The Personalist Project

Violent mothers are a big part of the problem (mea culpa!)

My Facebook feed is full of approving links to the video of that mom chasing her son out of the riots. She's being called "Mom of the Year" and "America's Favorite Mother."

My response to it was so radically different that I felt driven to say something. When I saw a woman hitting and chasing and screaming at her son I thought, "No wonder he wants to riot; he was raised in violence."

I don't blame the mother. She was probably raised in violence too. And I can only say I'm grateful there were no cameras rolling during certain moments of my parenting when I was overcome with anger and fear—because they wouldn't look much better than that, and I had far less excuse.

But I think it's urgent that we see and understand that that's what it was: It was a woman overcome with anger and fear reacting with rage and violence toward her child. She said it of herself, "I just lost it." It's completely understandable under the circumstances, but it's not okay. It's not something we should be holding up as a model of great parenting. On the contrary, it's a prime indicator of the terrible moral crisis we face as a society—an occasion for sorrow and penitence, and sober reflection on what has gone wrong and how it might be addressed. I refer to the culture of violence at the root of so much of the breakdown and dysfunction in and among us.

Violence begets violence. More, and worse: violence toward children begets all manner of evil. I'm not speaking on the level of politics and social science, but metaphysics and moral philosophy.

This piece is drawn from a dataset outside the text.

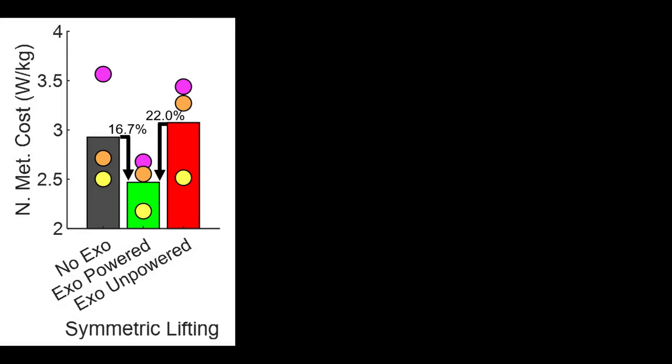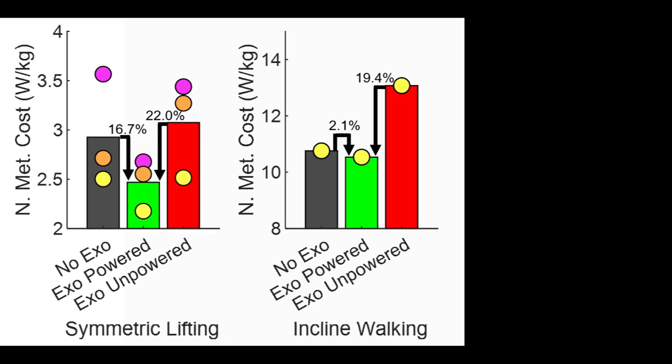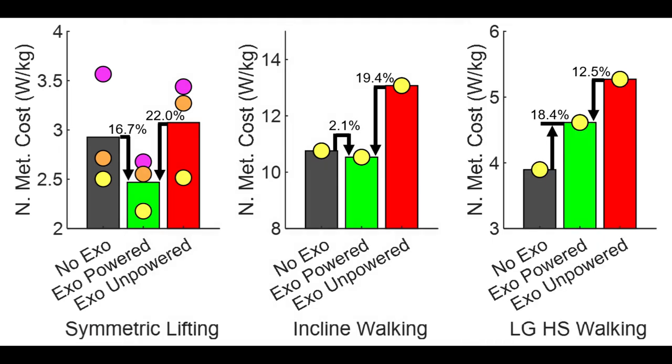The net metabolic cost results for each task are now shown. For lifting, averaged over three participants, the powered condition exhibited a 16.7% reduction compared to the no-exo condition and a 22% reduction compared to the exo-unpowered condition. During incline walking, a 19.4% reduction was detected compared to the exo-unpowered condition. Finally, during level-ground high-speed walking, a 12.5% reduction was observed compared to the exo-unpowered condition.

A human person is made for love and substantially constituted by her relations to others. We enter the world utterly vulnerable and in need. To the extent that, instead of love, we receive neglect and abuse at the hands of the adults in our lives, our development as personalities and moral beings is thwarted and distorted. The violence we suffer becomes the violence we inflict—on others and ourselves (in the form, for instance, of addiction, depression and compulsions).

It's the law of the fall; the master/slave dynamic at work.

The solution proposed by the gospel—and the only one fully consistent with the nature and dignity of persons—is love. Jesus redeemed the world by absorbing its violence into his own flesh and offering himself as a sacrifice. Saints throughout history have imitated his example. Even we participate in the redemptive dynamic every time we "offer up" a suffering of our own, and when, instead of using power to get our way, we defer to others in love and service.

Martin Luther King, Jr., following Jesus and Gandhi, showed how the principle can translate to a practical program for overcoming social injustice in our day and age. He saw (student of Christian personalism that he was) that the only force greater than violence is love. His memoir, Stride Toward Freedom, recounts the story.

More precisely it is the chronicle of 50,000 Negroes who took to heart the principles of nonviolence, who learned to fight for their rights with the weapon of love, and who, in the process, acquired a new estimate of their own human worth.

But my main concern here is with the problem of child abuse, not social injustice. I'm not talking only about the most egregious cases. I'm talking about the habit in each and all of us of resorting to violence in raising our children. Unless we come to grips with that, we won't be able to renew our society.

All this needs more explaining than I have the leisure for at the moment. For now, I'll just just commend you all to Alice Miller, and promise to say more soon.


Comments (1)

Katie van Schaijik

Apr 30, 2015 5:20pm

Here is a quote from Alice Miller:

Humiliations, spankings and beatings, slaps in the face, betrayal, sexual exploitation, derision, neglect, etc. are all forms of mistreatment, because they injure the integrity and dignity of a child, even if their consequences are not visible right away.